According to the present invention, curling due to environmental changes and heat application during recording is prevented, and high quality without material deformation is provided, especially in a multicolor heat-sensitive recording material comprising a sheet material or a multilayer. It is possible to provide a heat-sensitive recording material applicable to various fields.

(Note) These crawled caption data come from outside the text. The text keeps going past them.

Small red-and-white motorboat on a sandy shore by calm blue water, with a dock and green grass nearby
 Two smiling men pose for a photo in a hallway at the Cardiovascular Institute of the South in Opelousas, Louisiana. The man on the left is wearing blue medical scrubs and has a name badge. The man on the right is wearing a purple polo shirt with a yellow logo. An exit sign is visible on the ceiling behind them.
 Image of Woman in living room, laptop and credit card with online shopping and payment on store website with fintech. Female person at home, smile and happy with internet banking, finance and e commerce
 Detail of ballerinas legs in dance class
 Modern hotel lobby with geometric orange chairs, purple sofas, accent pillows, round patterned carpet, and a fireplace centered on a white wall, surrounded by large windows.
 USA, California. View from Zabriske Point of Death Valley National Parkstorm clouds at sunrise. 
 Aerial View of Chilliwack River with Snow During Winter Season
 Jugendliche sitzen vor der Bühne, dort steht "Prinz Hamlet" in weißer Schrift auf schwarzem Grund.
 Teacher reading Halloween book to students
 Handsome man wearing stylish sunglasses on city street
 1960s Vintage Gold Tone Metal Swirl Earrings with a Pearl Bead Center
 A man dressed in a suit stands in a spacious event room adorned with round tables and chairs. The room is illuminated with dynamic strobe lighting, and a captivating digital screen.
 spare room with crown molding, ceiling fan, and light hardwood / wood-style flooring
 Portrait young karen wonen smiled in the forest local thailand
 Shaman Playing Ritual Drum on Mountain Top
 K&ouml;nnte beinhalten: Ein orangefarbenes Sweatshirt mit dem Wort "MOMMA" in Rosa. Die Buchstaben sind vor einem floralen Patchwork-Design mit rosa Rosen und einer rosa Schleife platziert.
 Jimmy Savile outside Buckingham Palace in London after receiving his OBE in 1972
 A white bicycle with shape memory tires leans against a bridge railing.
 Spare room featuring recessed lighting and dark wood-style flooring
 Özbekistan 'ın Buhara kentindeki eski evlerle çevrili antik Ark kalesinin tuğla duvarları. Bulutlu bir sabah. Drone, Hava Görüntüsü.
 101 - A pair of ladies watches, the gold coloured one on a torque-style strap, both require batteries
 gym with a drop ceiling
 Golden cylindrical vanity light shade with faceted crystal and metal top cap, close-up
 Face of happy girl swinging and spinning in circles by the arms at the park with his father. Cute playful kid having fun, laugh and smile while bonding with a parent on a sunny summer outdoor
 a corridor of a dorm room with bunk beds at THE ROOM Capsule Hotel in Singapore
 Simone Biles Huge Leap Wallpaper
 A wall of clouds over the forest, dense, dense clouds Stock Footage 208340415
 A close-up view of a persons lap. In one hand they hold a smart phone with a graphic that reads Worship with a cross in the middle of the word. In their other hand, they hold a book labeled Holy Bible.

──────────────────────────────────────────────────続 き Continued on the front page (51) Int.Cl. ⁷ Identification symbol FI Theme coat ゛ (Reference) B41M 5/18 THF term (Reference) 2H026 AA07 AA14 BB01 BB41 DD01 DD32 DD48 DD58 EE01 FF07 FF17 4F100 AA01B AC05B AC05E AH03D AJ04 AJ09C AJ09E AK04A AK05 AK06 AK21B AL05B AT00A BA03 BA04 BA05 BA07 CA13D DE02B DG10A EH23A GB90 HB00D JA20B JL00D JL04 JL10D

Claims (7)

[Claims] 1. A thermosensitive recording material having at least a heat-sensitive recording layer on one surface of a support and a backcoat layer on the other surface, wherein the backcoat layer comprises a multilayer, A thermosensitive recording material, wherein the outermost layer furthest from the recording layer contains polyvinyl alcohol. 2. The heat-sensitive recording material according to claim 1, wherein the outermost layer of the back coat layer farthest from the support further contains an inorganic layered compound. 3. The heat-sensitive recording material according to claim 2, wherein the inorganic layered compound is synthetic mica. 4. The heat-sensitive recording material according to claim 3, wherein the synthetic mica is a synthetic mica having an aspect ratio of 100 or more. 5. The heat-sensitive recording material according to claim 1, wherein the layer located between the outermost layer of the back coat layer and the support contains gelatin. 6. A recording layer comprising an electron-donating dye precursor and an electron-accepting compound which reacts with the electron-donating dye precursor to form a color, a diazonium salt compound and the diazonium salt compound. The recording material according to any one of claims 1 to 5, further comprising: a recording layer containing a coupler that reacts with the coupler to form a color. 7. The heat-sensitive recording material according to claim 1, wherein the support is a paper support having at least one surface laminated with polyethylene.